# WHAT IS BEING ASKED
Because the pictures are not wanted, give back only the exact text of every entry below.

# PROVIDED DATA
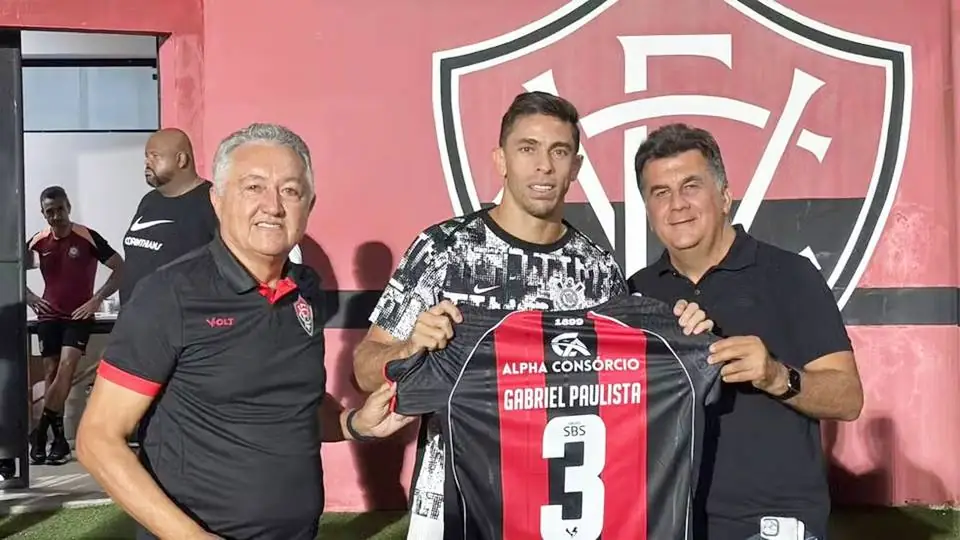 Gabriel Paulista exalta reencontro com o Vitória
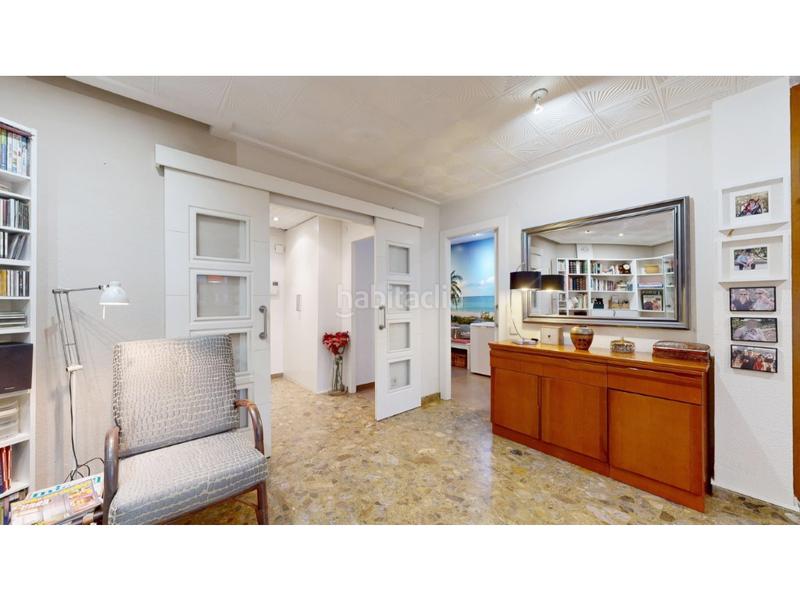 Foto d0ac0d3e-f6db-4afa-b7f2-eb0ca35441de. Piso vivienda esquinera exterior en blasco ibañez en Valencia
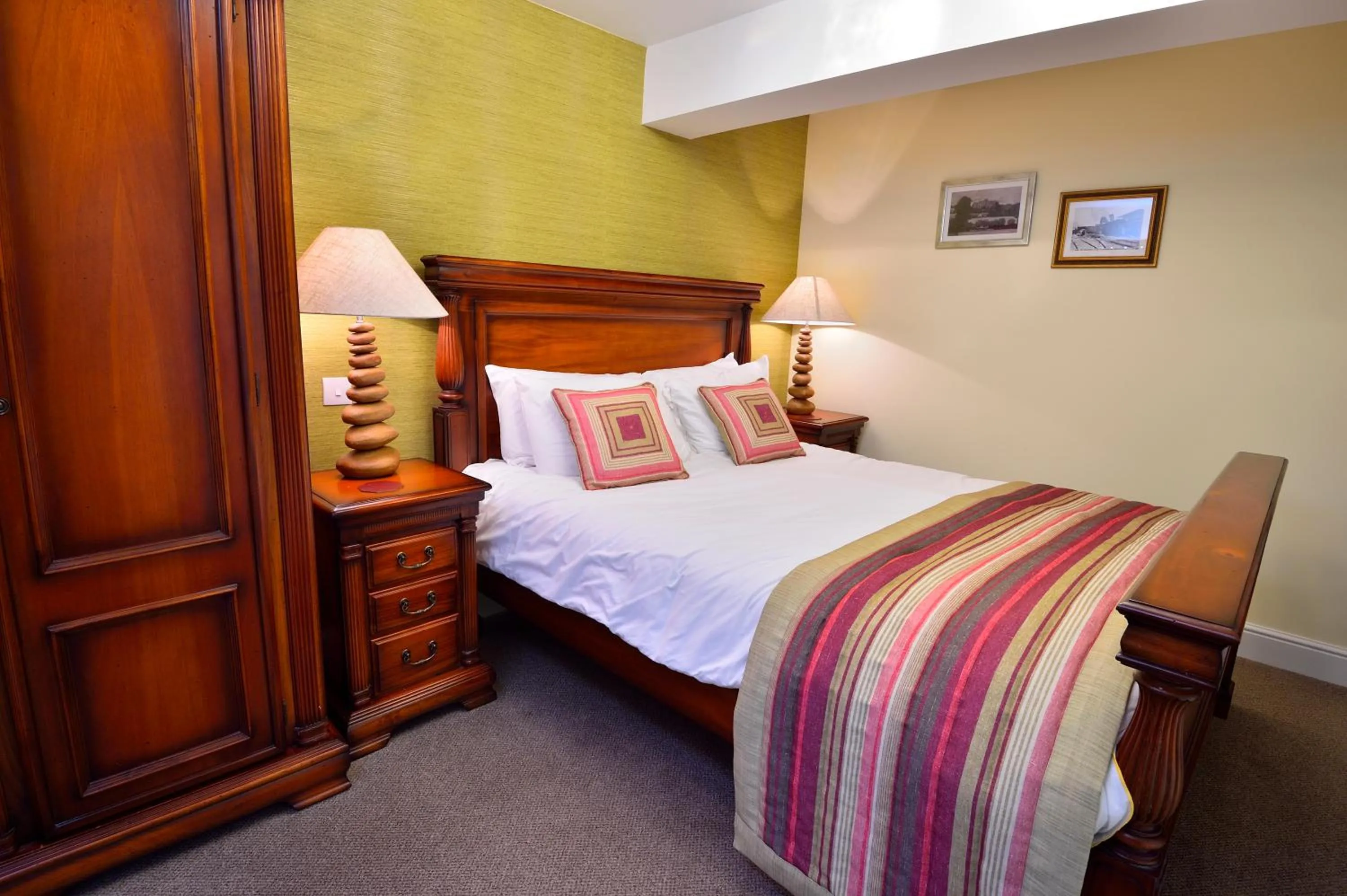 Bedroom, Bed in The George Hotel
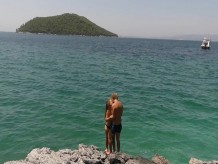 Adolescentes apasionados y calientes tienen sexo romántico en la isla Mamma Mia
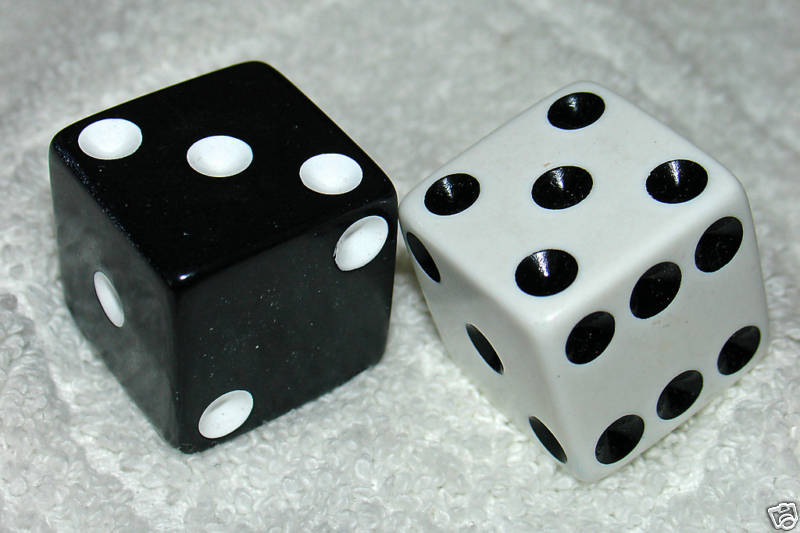1" HUGE BLACK AND WHITE OPAQUE DICE PAIR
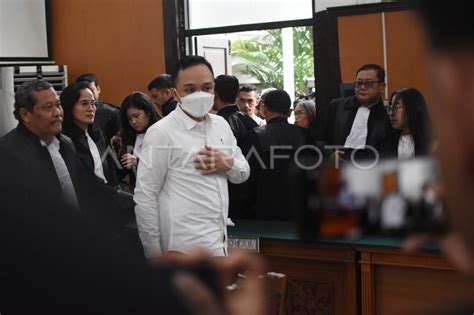 RICKY RIZAL DIVONIS 13 TAHUN PENJARA ANTARA Foto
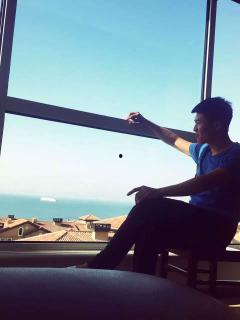 外卖员吃瓜群众视频,街头一幕引发网友热议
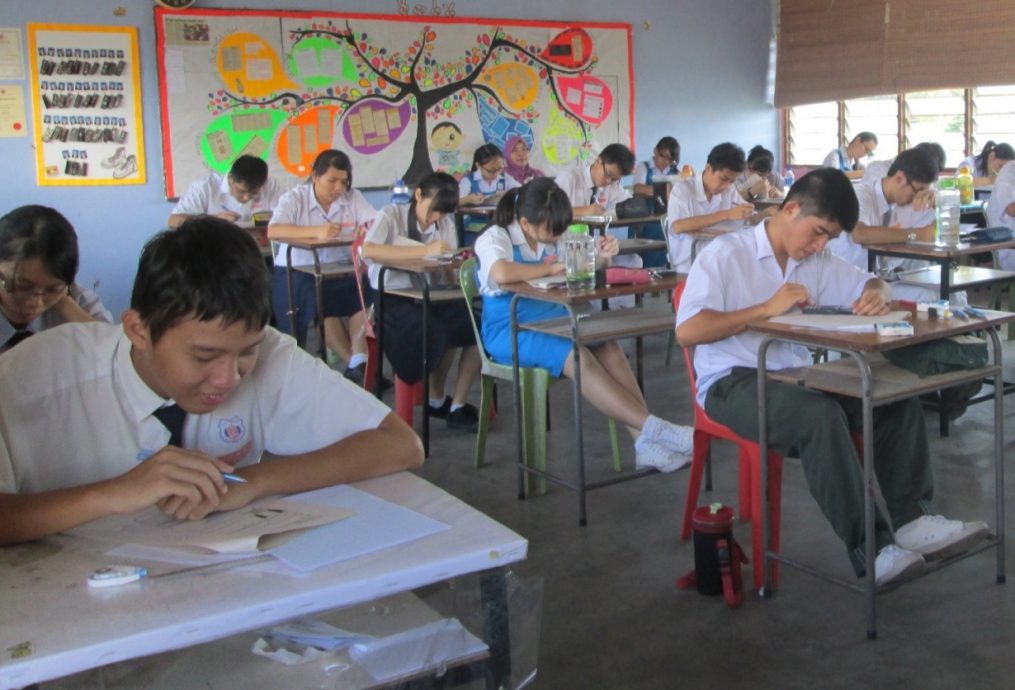 *已签发*柔:封面【特稿】昔县6所中学共缺11名中文教师,3年内再有7名教师退休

# RESPONSE BELOW
 Gabriel Paulista exalta reencontro com o Vitória
 Foto d0ac0d3e-f6db-4afa-b7f2-eb0ca35441de. Piso vivienda esquinera exterior en blasco ibañez en Valencia
 Bedroom, Bed in The George Hotel
 Adolescentes apasionados y calientes tienen sexo romántico en la isla Mamma Mia
1" HUGE BLACK AND WHITE OPAQUE DICE PAIR
 RICKY RIZAL DIVONIS 13 TAHUN PENJARA ANTARA Foto
 外卖员吃瓜群众视频,街头一幕引发网友热议
 *已签发*柔:封面【特稿】昔县6所中学共缺11名中文教师,3年内再有7名教师退休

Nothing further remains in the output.